*EXERCISE REQUIREMENTS:* Below are records to be transcribed exactly; any pictures should be left out.

*RECORDS PROVIDED:*
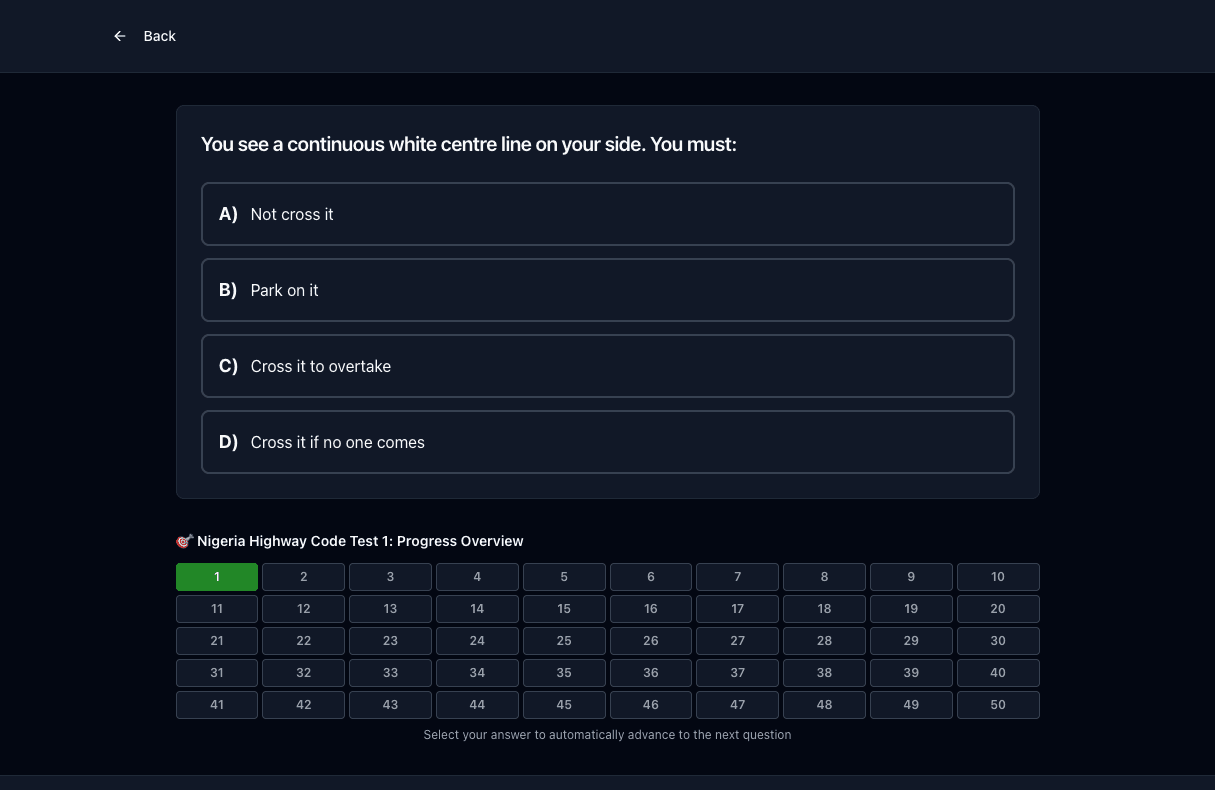 Tigertest Highway Code practice test on desktop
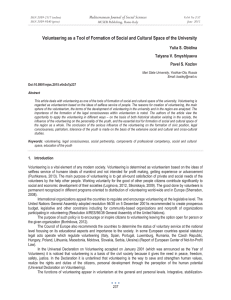 Volunteering as a Tool of Formation of Social and Cultural... Mediterranean Journal of Social Sciences Yulia S. Obidina Tatyana V. Smyshlyaeva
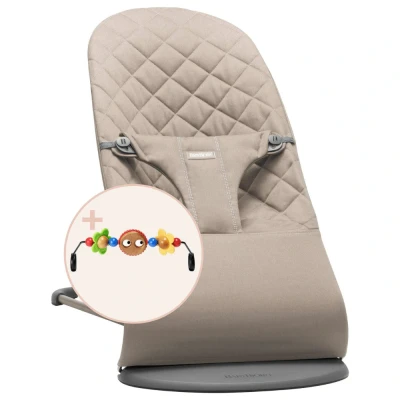 Abbildung von BabyBjörn Babywippe Bliss, Gewebt, Klassische Steppung, Sandgrau, inklusive Spielzeug, Fröhliche Augen
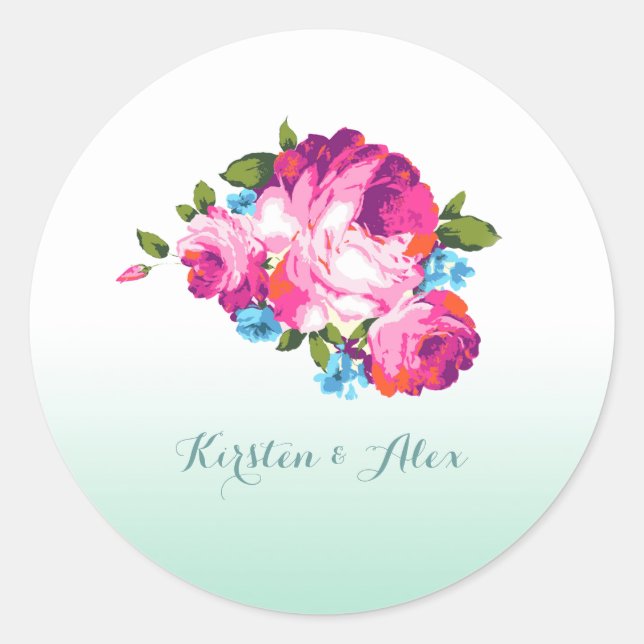Pegatinas de Invitación a Boda Floral de Mint Ombr (Anverso)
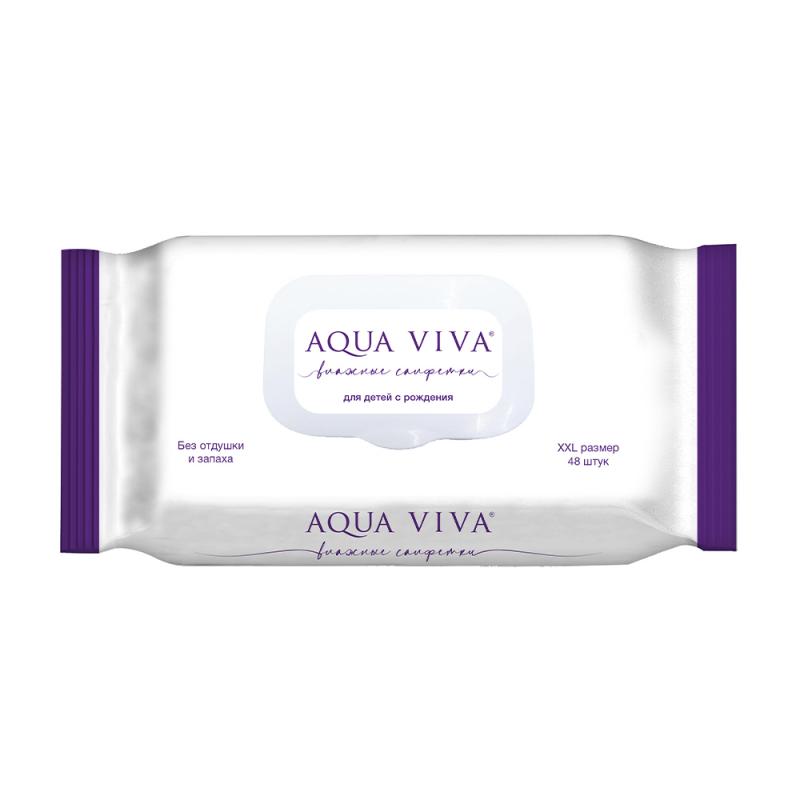 Влажные салфетки для детей, AQUA VIVA, 48 шт.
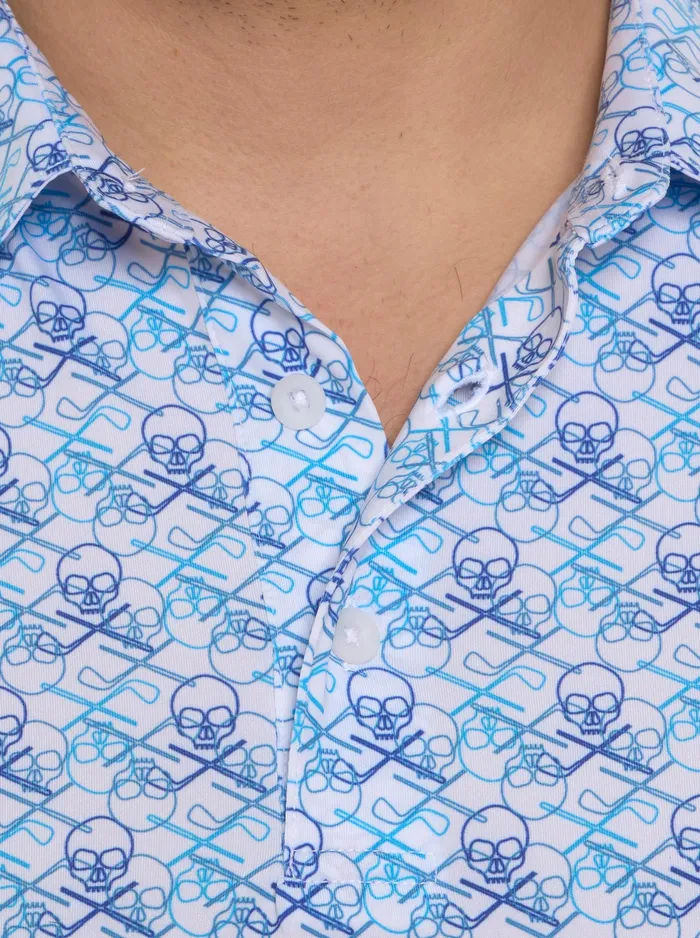 Robert Graham Polos and TShirts Men IRON SKULL PERFORMANCE POLO Black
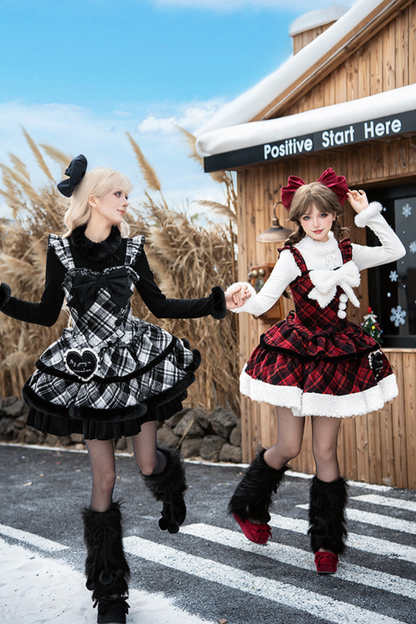 チェックドールジャンパースカート+リボンブローチ+ピン+ラブブローチ+ショール+トップス+レッグカバー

*SOLUTION TO THE EXERCISE:*
 Tigertest Highway Code practice test on desktop
 Volunteering as a Tool of Formation of Social and Cultural... Mediterranean Journal of Social Sciences Yulia S. Obidina Tatyana V. Smyshlyaeva
 Abbildung von BabyBjörn Babywippe Bliss, Gewebt, Klassische Steppung, Sandgrau, inklusive Spielzeug, Fröhliche Augen
Pegatinas de Invitación a Boda Floral de Mint Ombr (Anverso)
 Влажные салфетки для детей, AQUA VIVA, 48 шт.
 Robert Graham Polos and TShirts Men IRON SKULL PERFORMANCE POLO Black
 チェックドールジャンパースカート+リボンブローチ+ピン+ラブブローチ+ショール+トップス+レッグカバー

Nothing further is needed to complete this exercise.